Correlation Between Kenda Rubber and Feng Tay
Can any of the company-specific risk be diversified away by investing in both Kenda Rubber and Feng Tay at the same time? Although using a correlation coefficient on its own may not help to predict future stock returns, this module helps to understand the diversifiable risk of combining Kenda Rubber and Feng Tay into the same portfolio, which is an essential part of the fundamental portfolio management process.
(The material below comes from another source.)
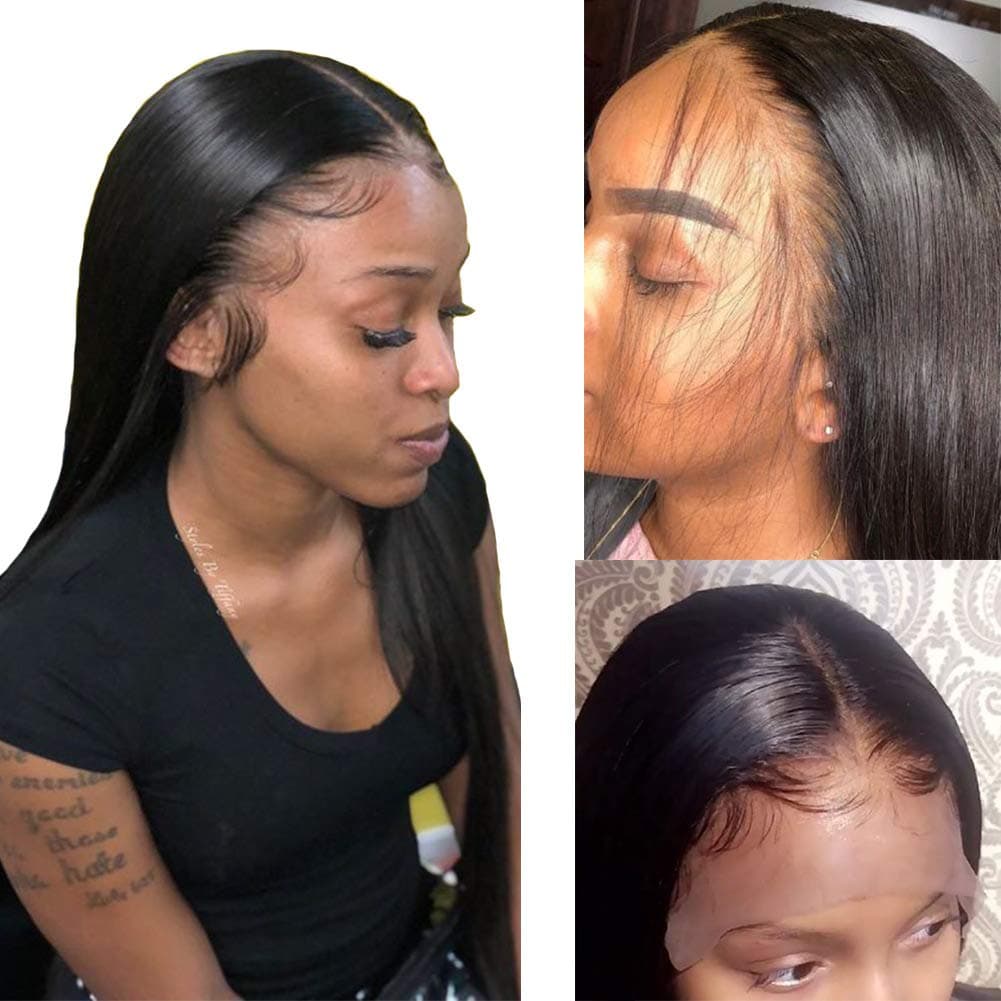 9A Virgin Straight Hair Lace Front Wigs Brazilian Remy Human Hair Wig for Black Women with Baby Hair Natural Black Color (16 inch, Lace Front Wig)
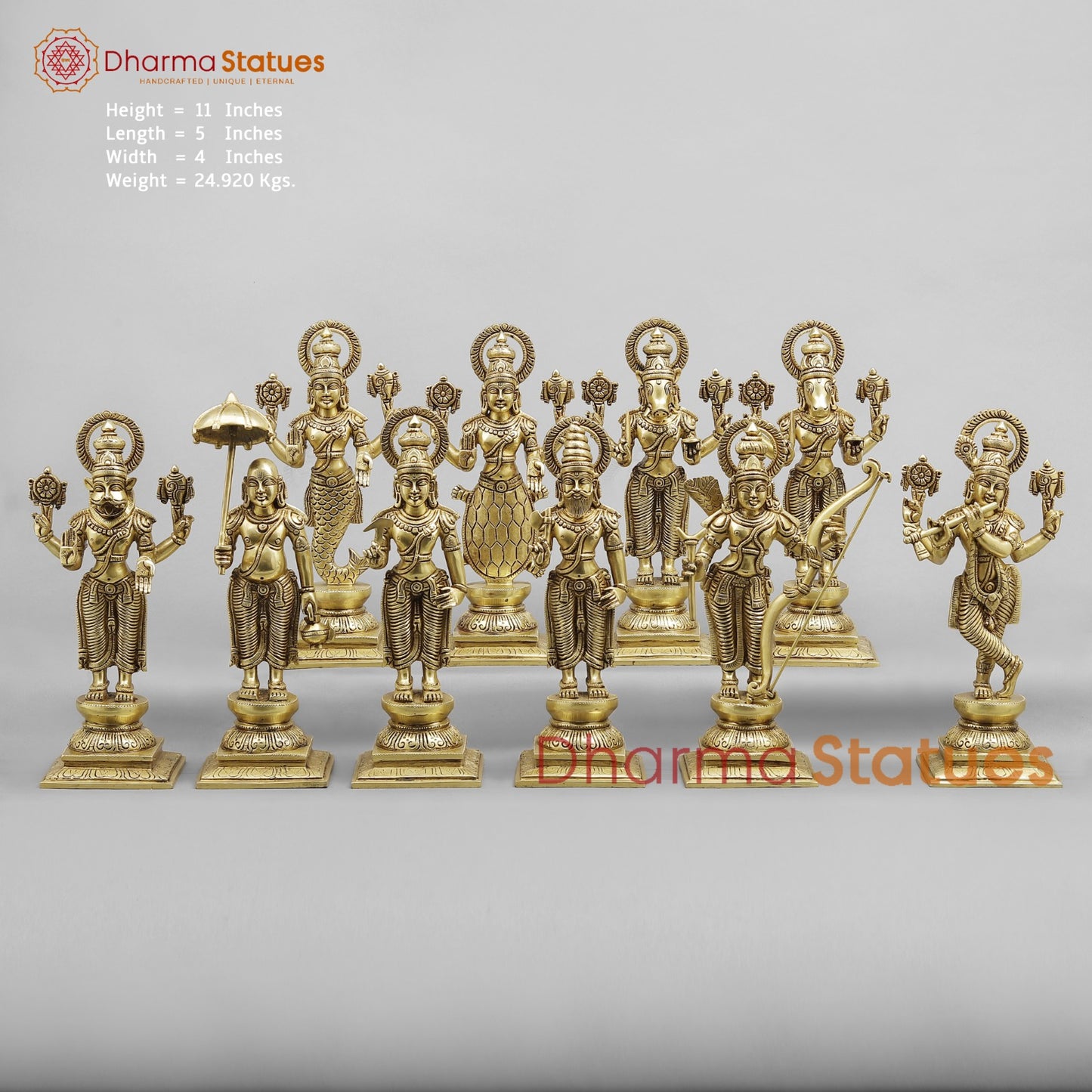 Brass Dasavtar set (Premium Quality), Fine Gold Finish 11”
By analyzing existing cross correlation between Kenda Rubber Industrial and Feng Tay Enterprises, you can compare the effects of market volatilities on Kenda Rubber and Feng Tay and check how they will diversify away market risk if combined in the same portfolio for a given time horizon. You can also utilize pair trading strategies of matching a long position in Kenda Rubber with a short position of Feng Tay. Check out your portfolio center. Please also check ongoing floating volatility patterns of Kenda Rubber and Feng Tay.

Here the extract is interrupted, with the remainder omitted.